### WORK TO COMPLETE
The lines below should be written out again in full, exactly as they are.

★ ★ ★ ★ ★

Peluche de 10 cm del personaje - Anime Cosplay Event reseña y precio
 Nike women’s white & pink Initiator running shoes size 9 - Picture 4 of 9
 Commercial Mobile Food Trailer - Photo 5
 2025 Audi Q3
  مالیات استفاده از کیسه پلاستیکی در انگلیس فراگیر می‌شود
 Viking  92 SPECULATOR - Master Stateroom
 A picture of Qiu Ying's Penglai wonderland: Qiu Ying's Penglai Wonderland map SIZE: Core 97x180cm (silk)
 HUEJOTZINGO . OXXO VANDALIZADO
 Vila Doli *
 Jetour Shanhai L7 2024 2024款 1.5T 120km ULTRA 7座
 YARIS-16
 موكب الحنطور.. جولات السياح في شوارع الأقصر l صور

★ ★ ★ ★ ★

### EXERCISE RESULT
Peluche de 10 cm del personaje - Anime Cosplay Event reseña y precio
 Nike women’s white & pink Initiator running shoes size 9 - Picture 4 of 9
 Commercial Mobile Food Trailer - Photo 5
 2025 Audi Q3
  مالیات استفاده از کیسه پلاستیکی در انگلیس فراگیر می‌شود
 Viking  92 SPECULATOR - Master Stateroom
 A picture of Qiu Ying's Penglai wonderland: Qiu Ying's Penglai Wonderland map SIZE: Core 97x180cm (silk)
 HUEJOTZINGO . OXXO VANDALIZADO
 Vila Doli *
 Jetour Shanhai L7 2024 2024款 1.5T 120km ULTRA 7座
 YARIS-16
 موكب الحنطور.. جولات السياح في شوارع الأقصر l صور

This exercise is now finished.